Photo: John Autry; Styling: Cindy Barr
Total Time
26 Mins
Yield
2 servings (serving size: 2 quesadillas)

Upgrade chicken quesadillas by topping whole wheat tortillas with a mixture of boneless chicken thighs, wilted mustard greens and gruyere cheese.

How to Make It

Step 1

Preheat oven to 400°.

Step 2

Heat a large skillet over medium-high heat. Add 1 tablespoon olive oil to pan; swirl to coat. Sprinkle 1/4 teaspoon pepper and 1/8 teaspoon salt over chicken; toss to coat. Add chicken to pan; cook 2 minutes or until browned, stirring occasionally. Add the greens, garlic, and dash of salt; cook 3 minutes or until greens wilt, stirring frequently. Stir in remaining 1/4 teaspoon pepper and rind.

Step 3

Brush remaining 1 tablespoon oil over a jelly-roll pan; arrange tortillas in a single layer on pan.
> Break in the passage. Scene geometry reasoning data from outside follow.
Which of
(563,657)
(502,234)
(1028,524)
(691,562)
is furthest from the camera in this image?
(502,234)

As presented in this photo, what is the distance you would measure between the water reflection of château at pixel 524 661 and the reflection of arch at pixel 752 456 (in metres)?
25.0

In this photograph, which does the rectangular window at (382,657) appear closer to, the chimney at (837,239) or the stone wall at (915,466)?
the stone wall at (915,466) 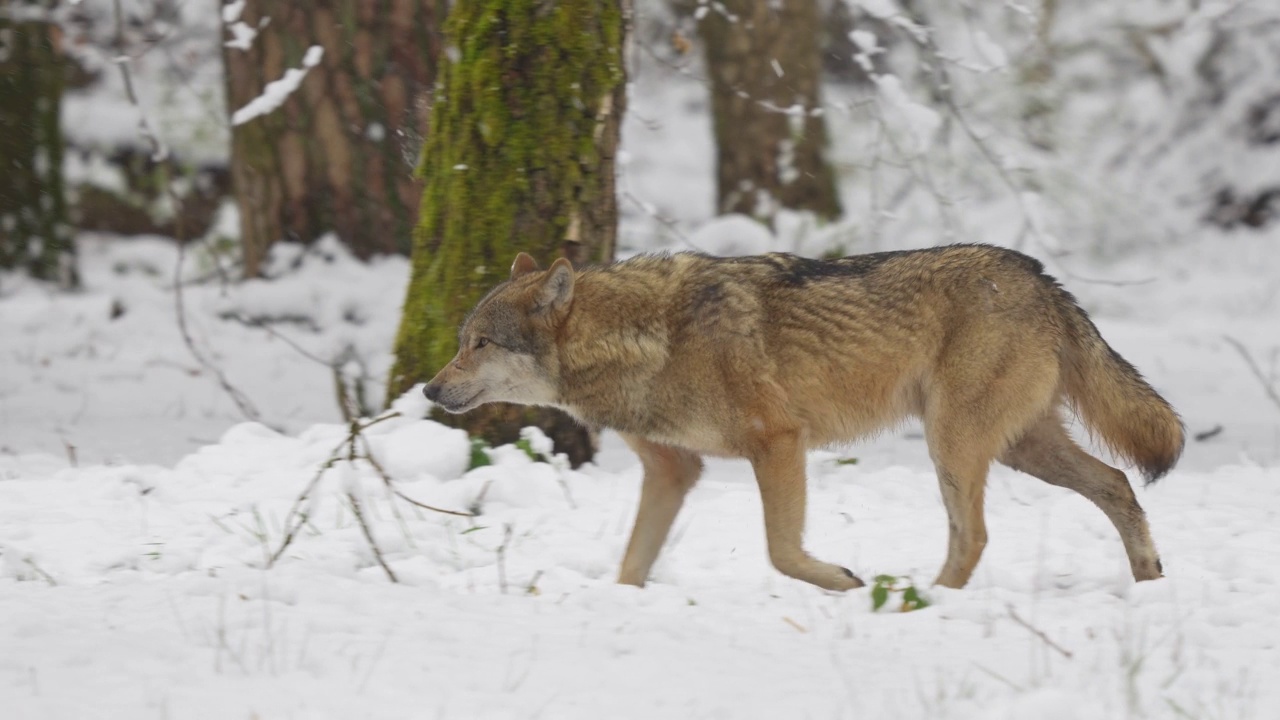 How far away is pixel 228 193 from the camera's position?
1892 cm

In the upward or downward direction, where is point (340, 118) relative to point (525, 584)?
upward

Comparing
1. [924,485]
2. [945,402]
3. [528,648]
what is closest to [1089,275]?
[924,485]

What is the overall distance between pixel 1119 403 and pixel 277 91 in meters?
5.63

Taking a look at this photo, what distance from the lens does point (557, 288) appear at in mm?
5633

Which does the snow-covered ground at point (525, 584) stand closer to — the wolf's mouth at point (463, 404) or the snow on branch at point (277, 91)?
the wolf's mouth at point (463, 404)

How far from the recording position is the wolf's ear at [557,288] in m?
5.54

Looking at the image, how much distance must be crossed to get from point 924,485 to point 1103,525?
114cm

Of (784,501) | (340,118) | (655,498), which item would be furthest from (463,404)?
(340,118)

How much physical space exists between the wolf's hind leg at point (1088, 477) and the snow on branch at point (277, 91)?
17.0 ft

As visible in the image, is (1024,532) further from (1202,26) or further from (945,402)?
(1202,26)

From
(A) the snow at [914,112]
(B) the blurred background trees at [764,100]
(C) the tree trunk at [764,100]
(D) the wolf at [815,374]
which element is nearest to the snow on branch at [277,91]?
(D) the wolf at [815,374]

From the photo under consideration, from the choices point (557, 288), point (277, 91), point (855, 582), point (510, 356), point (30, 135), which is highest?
point (30, 135)

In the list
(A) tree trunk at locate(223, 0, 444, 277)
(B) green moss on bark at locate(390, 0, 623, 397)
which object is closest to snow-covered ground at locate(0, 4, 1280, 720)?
(A) tree trunk at locate(223, 0, 444, 277)

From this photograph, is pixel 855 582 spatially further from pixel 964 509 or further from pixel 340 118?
pixel 340 118
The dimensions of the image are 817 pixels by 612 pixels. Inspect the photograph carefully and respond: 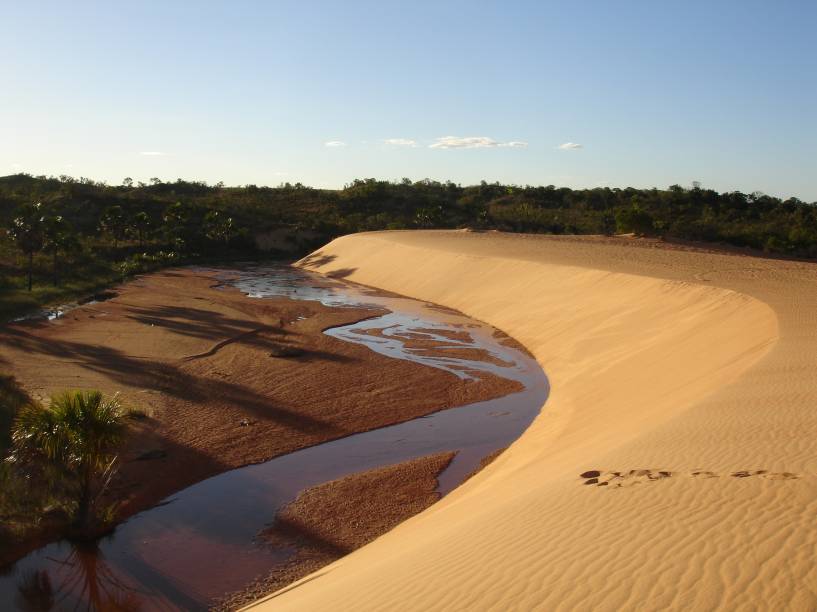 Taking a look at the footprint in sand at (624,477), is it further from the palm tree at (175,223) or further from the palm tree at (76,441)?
the palm tree at (175,223)

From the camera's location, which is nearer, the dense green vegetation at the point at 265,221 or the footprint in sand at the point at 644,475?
the footprint in sand at the point at 644,475

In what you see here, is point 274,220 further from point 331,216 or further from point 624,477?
point 624,477

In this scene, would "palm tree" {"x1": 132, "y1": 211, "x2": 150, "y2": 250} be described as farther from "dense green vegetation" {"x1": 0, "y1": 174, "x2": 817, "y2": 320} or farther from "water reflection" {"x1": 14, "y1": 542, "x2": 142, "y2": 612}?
"water reflection" {"x1": 14, "y1": 542, "x2": 142, "y2": 612}

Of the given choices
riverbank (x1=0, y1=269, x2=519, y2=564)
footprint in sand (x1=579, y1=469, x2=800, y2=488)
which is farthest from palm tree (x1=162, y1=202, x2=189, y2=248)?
footprint in sand (x1=579, y1=469, x2=800, y2=488)

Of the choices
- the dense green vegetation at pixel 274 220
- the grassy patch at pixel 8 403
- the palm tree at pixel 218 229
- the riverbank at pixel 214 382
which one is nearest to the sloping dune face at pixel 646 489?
the riverbank at pixel 214 382

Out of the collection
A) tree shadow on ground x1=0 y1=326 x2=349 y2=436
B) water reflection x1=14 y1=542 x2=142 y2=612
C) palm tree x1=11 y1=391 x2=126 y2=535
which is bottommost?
water reflection x1=14 y1=542 x2=142 y2=612

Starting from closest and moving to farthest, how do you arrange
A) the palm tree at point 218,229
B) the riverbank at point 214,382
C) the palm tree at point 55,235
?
the riverbank at point 214,382, the palm tree at point 55,235, the palm tree at point 218,229

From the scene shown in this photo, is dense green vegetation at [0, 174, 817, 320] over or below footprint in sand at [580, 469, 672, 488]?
over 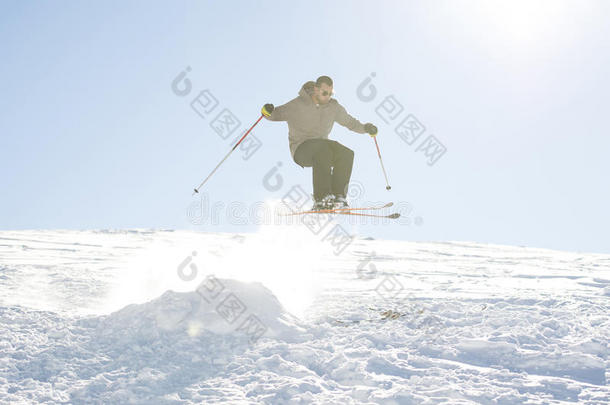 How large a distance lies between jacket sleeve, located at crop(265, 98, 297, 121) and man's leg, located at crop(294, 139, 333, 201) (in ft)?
1.91

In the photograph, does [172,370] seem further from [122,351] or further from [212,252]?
[212,252]

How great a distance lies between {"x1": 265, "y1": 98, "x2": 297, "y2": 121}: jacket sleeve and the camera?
6840 millimetres

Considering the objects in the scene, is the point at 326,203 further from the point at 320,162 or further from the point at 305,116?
the point at 305,116

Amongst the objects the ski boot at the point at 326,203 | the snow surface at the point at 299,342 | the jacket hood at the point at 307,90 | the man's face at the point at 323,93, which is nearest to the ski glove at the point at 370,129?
the man's face at the point at 323,93

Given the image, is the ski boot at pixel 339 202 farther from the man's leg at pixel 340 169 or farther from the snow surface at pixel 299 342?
the snow surface at pixel 299 342

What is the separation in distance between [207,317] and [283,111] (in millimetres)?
4179

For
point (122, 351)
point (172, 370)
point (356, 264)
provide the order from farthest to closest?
1. point (356, 264)
2. point (122, 351)
3. point (172, 370)

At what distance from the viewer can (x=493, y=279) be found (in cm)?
559

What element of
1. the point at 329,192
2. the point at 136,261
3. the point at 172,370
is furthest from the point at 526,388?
the point at 136,261

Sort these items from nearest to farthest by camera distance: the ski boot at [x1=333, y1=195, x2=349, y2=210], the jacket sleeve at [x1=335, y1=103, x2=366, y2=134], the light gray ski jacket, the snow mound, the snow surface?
the snow surface, the snow mound, the ski boot at [x1=333, y1=195, x2=349, y2=210], the light gray ski jacket, the jacket sleeve at [x1=335, y1=103, x2=366, y2=134]

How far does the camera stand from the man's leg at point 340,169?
6.62 meters

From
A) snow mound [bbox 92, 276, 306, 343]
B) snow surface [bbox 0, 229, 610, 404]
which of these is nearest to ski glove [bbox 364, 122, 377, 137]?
snow surface [bbox 0, 229, 610, 404]

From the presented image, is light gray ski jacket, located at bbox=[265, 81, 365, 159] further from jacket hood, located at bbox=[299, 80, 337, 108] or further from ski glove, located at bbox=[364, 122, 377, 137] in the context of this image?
ski glove, located at bbox=[364, 122, 377, 137]

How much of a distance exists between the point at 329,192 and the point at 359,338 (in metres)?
3.50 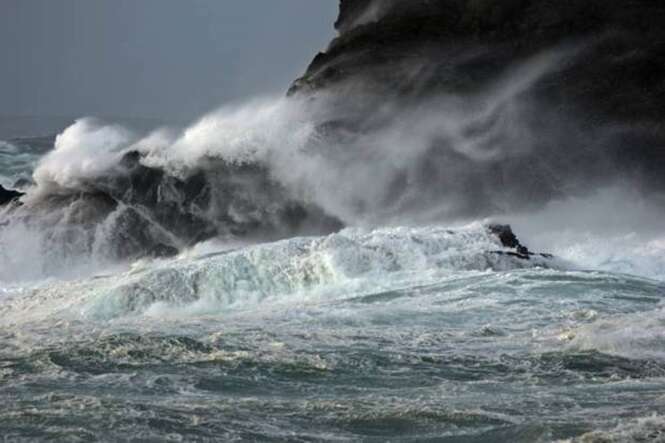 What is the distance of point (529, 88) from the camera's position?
69.2 ft

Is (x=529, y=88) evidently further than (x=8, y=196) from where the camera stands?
No

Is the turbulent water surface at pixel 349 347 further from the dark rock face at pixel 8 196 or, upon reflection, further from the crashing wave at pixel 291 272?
the dark rock face at pixel 8 196

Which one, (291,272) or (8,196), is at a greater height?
(8,196)

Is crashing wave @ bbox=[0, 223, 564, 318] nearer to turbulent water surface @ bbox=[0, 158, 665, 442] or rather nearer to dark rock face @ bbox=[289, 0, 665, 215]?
turbulent water surface @ bbox=[0, 158, 665, 442]

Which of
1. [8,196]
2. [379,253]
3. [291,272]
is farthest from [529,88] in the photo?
[8,196]

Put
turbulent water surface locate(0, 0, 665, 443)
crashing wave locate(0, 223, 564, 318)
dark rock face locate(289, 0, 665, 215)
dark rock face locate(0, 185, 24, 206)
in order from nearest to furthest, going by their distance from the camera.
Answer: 1. turbulent water surface locate(0, 0, 665, 443)
2. crashing wave locate(0, 223, 564, 318)
3. dark rock face locate(289, 0, 665, 215)
4. dark rock face locate(0, 185, 24, 206)

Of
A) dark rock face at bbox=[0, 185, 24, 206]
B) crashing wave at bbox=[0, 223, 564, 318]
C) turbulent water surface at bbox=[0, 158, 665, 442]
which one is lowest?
turbulent water surface at bbox=[0, 158, 665, 442]

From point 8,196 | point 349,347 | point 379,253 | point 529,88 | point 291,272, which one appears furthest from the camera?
point 8,196

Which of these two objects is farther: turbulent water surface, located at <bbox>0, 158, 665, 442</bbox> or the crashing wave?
the crashing wave

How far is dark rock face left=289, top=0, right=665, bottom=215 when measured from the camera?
20.3m

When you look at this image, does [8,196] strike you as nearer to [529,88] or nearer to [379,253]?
[379,253]

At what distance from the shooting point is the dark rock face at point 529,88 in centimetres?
2027

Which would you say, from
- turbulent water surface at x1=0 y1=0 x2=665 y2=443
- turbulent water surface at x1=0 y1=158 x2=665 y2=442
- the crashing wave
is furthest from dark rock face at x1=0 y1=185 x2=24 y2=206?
the crashing wave

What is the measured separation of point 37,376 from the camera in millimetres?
8703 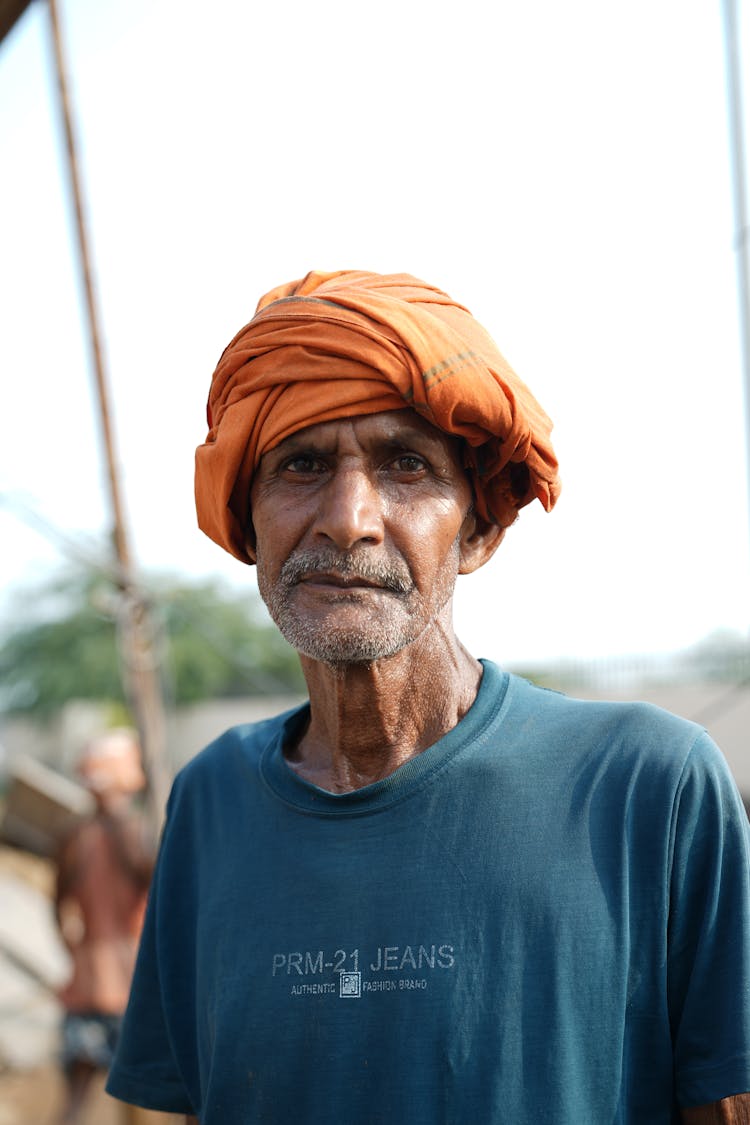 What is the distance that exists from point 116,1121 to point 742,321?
225 inches

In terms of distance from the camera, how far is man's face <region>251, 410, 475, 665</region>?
1.80 metres

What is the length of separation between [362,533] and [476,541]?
0.31 m

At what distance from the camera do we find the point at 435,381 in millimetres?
1763

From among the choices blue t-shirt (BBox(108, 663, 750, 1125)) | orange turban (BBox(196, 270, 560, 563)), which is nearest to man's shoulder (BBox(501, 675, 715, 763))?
blue t-shirt (BBox(108, 663, 750, 1125))

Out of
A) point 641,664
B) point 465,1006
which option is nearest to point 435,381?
point 465,1006

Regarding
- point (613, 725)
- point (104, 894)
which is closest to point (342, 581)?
point (613, 725)

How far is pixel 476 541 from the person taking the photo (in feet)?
6.62

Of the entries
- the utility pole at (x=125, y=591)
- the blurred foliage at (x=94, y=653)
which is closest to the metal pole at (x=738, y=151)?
the utility pole at (x=125, y=591)

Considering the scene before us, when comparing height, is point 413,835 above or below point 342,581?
below

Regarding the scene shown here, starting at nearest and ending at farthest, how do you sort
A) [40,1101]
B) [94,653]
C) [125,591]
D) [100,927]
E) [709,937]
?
[709,937], [125,591], [100,927], [40,1101], [94,653]

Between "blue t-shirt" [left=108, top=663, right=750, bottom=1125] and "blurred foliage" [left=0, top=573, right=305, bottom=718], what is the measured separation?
36163 millimetres

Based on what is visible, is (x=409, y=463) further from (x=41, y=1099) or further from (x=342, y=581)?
(x=41, y=1099)

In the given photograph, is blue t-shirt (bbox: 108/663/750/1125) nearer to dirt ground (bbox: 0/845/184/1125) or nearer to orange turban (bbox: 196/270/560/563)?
orange turban (bbox: 196/270/560/563)

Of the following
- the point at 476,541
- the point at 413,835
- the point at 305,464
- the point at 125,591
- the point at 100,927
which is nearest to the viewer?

Sprinkle 1 tablespoon cheese evenly over each tortilla; top each tortilla with about 2/3 cup chicken mixture. Bake at 400° for 5 minutes or until cheese begins to melt. Remove pan from oven; carefully fold each tortilla in half, pressing gently to close. Bake quesadillas an additional 10 minutes or until browned and crisp, turning carefully after 5 minutes.